The Bay of Plenty Regional Council will be making a second request to the Ministry for the Environment for funding to remediate the contaminated Kopeopeo canal after its first request was refused.

The council is seeking funding from the ministry’s Contaminated Sites Remediation Fund to bring the ministry’s contribution to the Kopeopeo Canal Remediation Project up to 50%.

To date, the project has cost $22 million of which the ministry has contributed $8 million.

The council asked the ministry for further funding in March 2019 but it was refused because the remediation fund was oversubscribed.

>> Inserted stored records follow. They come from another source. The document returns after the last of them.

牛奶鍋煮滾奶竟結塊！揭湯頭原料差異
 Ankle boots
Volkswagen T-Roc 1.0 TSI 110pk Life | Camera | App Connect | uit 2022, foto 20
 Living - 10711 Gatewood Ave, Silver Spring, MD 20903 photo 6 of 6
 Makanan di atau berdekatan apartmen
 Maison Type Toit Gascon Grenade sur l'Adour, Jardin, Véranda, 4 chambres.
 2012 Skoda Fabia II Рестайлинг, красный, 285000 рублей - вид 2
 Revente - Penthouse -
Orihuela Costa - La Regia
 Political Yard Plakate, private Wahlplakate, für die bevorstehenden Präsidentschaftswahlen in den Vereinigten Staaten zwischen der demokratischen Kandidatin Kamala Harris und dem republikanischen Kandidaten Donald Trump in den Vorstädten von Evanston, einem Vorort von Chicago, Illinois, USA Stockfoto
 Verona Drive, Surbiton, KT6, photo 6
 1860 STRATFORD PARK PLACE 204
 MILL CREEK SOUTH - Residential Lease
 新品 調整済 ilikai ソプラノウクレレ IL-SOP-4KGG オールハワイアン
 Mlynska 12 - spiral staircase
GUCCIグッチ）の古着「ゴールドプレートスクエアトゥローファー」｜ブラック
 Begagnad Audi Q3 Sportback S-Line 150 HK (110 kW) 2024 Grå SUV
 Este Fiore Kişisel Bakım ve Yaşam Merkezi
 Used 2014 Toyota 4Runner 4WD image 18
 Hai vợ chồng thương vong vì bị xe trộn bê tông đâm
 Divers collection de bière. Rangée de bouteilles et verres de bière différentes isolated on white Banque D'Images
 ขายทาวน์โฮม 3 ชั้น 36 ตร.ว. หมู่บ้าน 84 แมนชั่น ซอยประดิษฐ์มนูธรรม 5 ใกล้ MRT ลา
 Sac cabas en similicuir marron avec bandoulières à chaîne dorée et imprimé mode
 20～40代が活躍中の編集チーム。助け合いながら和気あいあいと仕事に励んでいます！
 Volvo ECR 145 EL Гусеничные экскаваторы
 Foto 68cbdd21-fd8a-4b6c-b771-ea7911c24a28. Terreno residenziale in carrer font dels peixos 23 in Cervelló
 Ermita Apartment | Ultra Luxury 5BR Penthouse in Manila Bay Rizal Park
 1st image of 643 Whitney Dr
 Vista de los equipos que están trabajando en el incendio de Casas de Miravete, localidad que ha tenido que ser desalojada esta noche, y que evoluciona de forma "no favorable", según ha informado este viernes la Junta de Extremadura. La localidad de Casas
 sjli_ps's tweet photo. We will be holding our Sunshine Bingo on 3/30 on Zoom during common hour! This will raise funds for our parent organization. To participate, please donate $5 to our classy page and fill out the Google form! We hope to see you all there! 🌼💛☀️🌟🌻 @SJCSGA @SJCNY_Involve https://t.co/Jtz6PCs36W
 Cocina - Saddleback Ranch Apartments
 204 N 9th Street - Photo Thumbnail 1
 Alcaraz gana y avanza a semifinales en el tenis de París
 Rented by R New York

The council’s risk and assurance committee has decided to reapply for funding in this year’s funding round.

The Kopeopeo Canal was contaminated between the 1950s and late 1980s as a result of stormwater discharges from the old Whakatane Board Mill that treated timber using Pentachlorophenol.

The Kopeopeo Canal Remediation Project has moved 35,000 cubic metres of dioxin contaminated sediment from the canal to containment sites for bioremediation.

Bioremediation of the sediment is expected to take 15 years and will use two different types of fungi and bacteria consortium to break down the dioxins and clean the contaminated sediment.

Chairperson councillor David Love said the letter the council received from the ministry implied that it would have been successful in gaining funding had the fund not already been exhausted.

Applications for this funding round close at the end of March 2020.